In short, what is taking place with French agriculture is a vast redundancy plan, but one that is secret and invisible, where people disappear one by one, on their plots of land, without ever being noticed.

After watching a television documentary about people who choose to disappear from their life without telling anyone, Labrouste abruptly leaves his girlfriend, a young Japanese woman who is highly sexual but devoid of affection, quits his job under a false pretense and flees to a smoker's room in a chain hotel in another part of Paris.

A sympathetic doctor prescribes him a large dose of a miracle antidepressant, Captorix, to remedy his low levels of serotonin. Although the drug dulls his sex drive, Labrouste returns to Normandy with the intention to relive happier days he spent there with his past lovers.
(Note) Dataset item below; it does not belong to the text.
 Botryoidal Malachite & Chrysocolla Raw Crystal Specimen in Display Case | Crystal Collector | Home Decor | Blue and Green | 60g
He soon visits an old college friend, Aymeric d'Harcourt-Olonde, an aristocratic farmer whose recent financial failures have left him divorced and suicidal. Taking up residence in a holiday cabin owned by Aymeric, Labrouste becomes a skilled marksman training with Aymeric's expansive firearm collection. He confronts a pedophile living in another one of the holiday cabins, but passively lets him flee. Shortly after, Aymeric and other struggling farmers fulfill their plan to stop the importation of cheap foreign milk by establishing an armed blockade. Upon the arrival of riot police, Aymeric commits suicide, sparking a firefight that leaves ten men dead.
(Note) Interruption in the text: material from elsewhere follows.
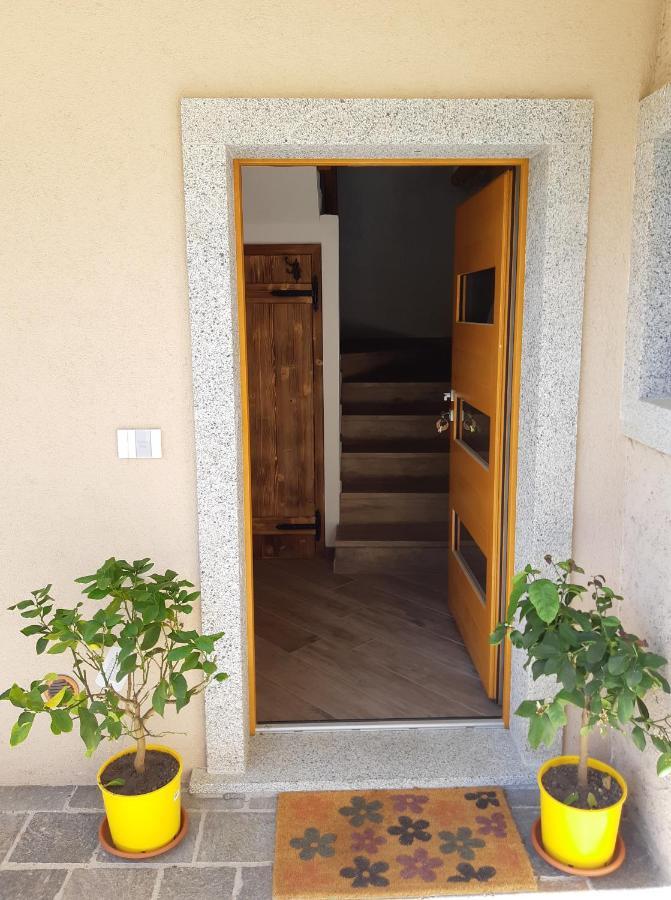 Ledro Nest Appartement Mezzolago Buitenkant foto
Later on, Labrouste, having kept one of Aymeric's target-shooting rifles for himself, begins stalking one of his past girlfriends, Camille, who has since had a son by another man and is raising him alone. Establishing a sniper's nest in an empty hotel overlooking her isolated house, he comes close to killing her son in order to eventually return to being "the man" in her life. However, he finds himself unable to kill the child. Finally, Labrouste moves back to Paris, contemplating committing suicide by jumping out of a window.

== Themes ==

The novel depicts French farmers struggling to survive in the face of globalisation, agribusiness and European Union policies. It foresaw many concerns of the yellow vests movement which began protesting in France in late 2018. Written before protesters began blockading roads in real life, Serotonin soon joined previous Houellebecq novels Platform and Submission in being termed eerily prophetic by critics.
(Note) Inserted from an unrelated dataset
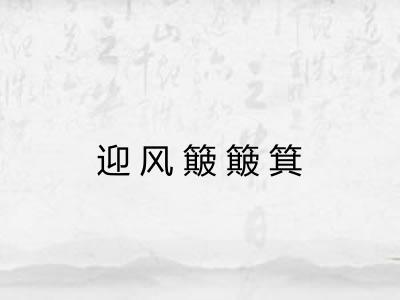 迎风簸簸箕 迎风簸簸箕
As with many of Houllebecq's works, the protagonist is an alienated, middle-aged man. Serotonin features its author's trademark black humour and depictions of loveless sex, and also touches on paedophilia (when the narrator spies on a suspicious German tourist) and bestiality (when he finds pornographic videos of his girlfriend on her computer). The overall mood is one of spiritual malaise and social fracture during the decline of the West.

== Publication ==
The initial print run in France was 320,000 copies. German, Italian and Spanish editions were published the same month. An English translation by Shaun Whiteside was published in the United Kingdom by William Heinemann on 26 September 2019. Whiteside's translation was published in the United States by Farrar, Straus and Giroux on 19 November 2019.

== Reception ==

In France, Serotonin was the best-selling fiction book in the week it was released. Within three days of its publication, it had sold 90,000 copies. The release was considered a national event, coming as it did the same month Houellebecq was awarded the Legion of Honour.

In the English-speaking press, the novel generally received mixed to negative reviews. Johanna Thomas-Corr, writing for The Observer, labeled it "predictable" and particularly criticized its sexually explicit content, while Dwight Garner, in a review for The New York Times, called it "slack" compared with Houellebecq's earlier work.

In response to the narrator of Serotonin calling Niort "one of the ugliest towns I've ever seen", the town's mayor said that he would send some locally grown angelica to Houellebecq's publisher to cheer up the notoriously gloomy author.